La Petite fille qui aimait trop les allumettes : l’affranchissement

L’ÉCRIT ET L'ÉCRAN
Zoé Protat

Lorsqu’une œuvre culte d’ici est réimaginée par l’un de nos réalisateurs les plus audacieux, on ne souhaite qu’applaudir. Et cet automne, La Petite fille qui aimait trop les allumettes de Gaétan Soucy fera de nouveau des étincelles grâce à Simon Lavoie. Publié en 1998, le troisième roman de Soucy fut rédigé en trois semaines seulement, une frénésie qui se ressent dans des pages pleines de bruit et de fureur. Quelle évidence qu’il soit maintenant porté à l’écran par Lavoie ! En février dernier, celui-ci offrait (en compagnie de son complice Mathieu Denis) Ceux qui font les révolutions à moitié n’ont fait que se creuser un tombeau, un brûlot poétique et politique inspiré par les lendemains qui déchantent du printemps érable. En 2012, il proposait en solo une adaptation exaltée du Torrent d’Anne Hébert. Le voici qui s’attaque à nouveau à un monument littéraire d’ici.

Gaétan Soucy est né à Montréal en 1958 et allait prématurément décéder d’une crise cardiaque à l’âge de 54 ans seulement. Il aura eu le temps de publier quatre romans, quelques nouvelles et deux pièces de théâtre. Une œuvre en forme de success story, hélas trop vite fauchée dans son envol. Triomphe critique et populaire au Québec comme en Europe, La Petite fille qui aimait trop les allumettes fut rapidement traduit dans une vingtaine de langues. Il remporta aussi le Grand prix du public au Salon du livre, un choix audacieux pour une œuvre très violente, un récit d’« ensauvagement » qui remonte au primitif d’un Québec rural pré-Révolution tranquille.

Raconté à la première personne, le roman est mené par un jeune adolescent au genre volontairement flou. Il/elle et son frère ont été élevés à l’écart de toute civilisation dans un immense manoir délabré par un père dictateur, ultrareligieux et fabuleusement riche.
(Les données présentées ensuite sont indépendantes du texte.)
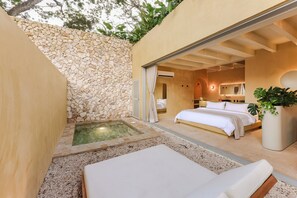 Ropa de cama de alta calidad, cubrecamas y colchones con pillow-top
Autrefois, cette famille comptait également une mère, et une sœur jumelle… la tentation est grande d’en dire plus, mais il faut absolument préserver les surprises de ce récit stupéfiant. La voix narratrice a puisé son savoir dans les livres saints, contrairement à son frère bête et obtus. Un matin, ils découvrent le père pendu. « Il nous fallait des ordres pour ne pas nous affaisser en morceaux, mon frère et moi, c’était notre mortier. Sans papa nous ne savions rien faire. À peine pouvions-nous par nous-mêmes hésiter, exister, avoir peur, souffrir » : les enfants doivent maintenant affronter l’univers extérieur, incarné par un village boueux, des habitants intolérants et violents, les horribles secrets du passé et les promesses de l’avenir.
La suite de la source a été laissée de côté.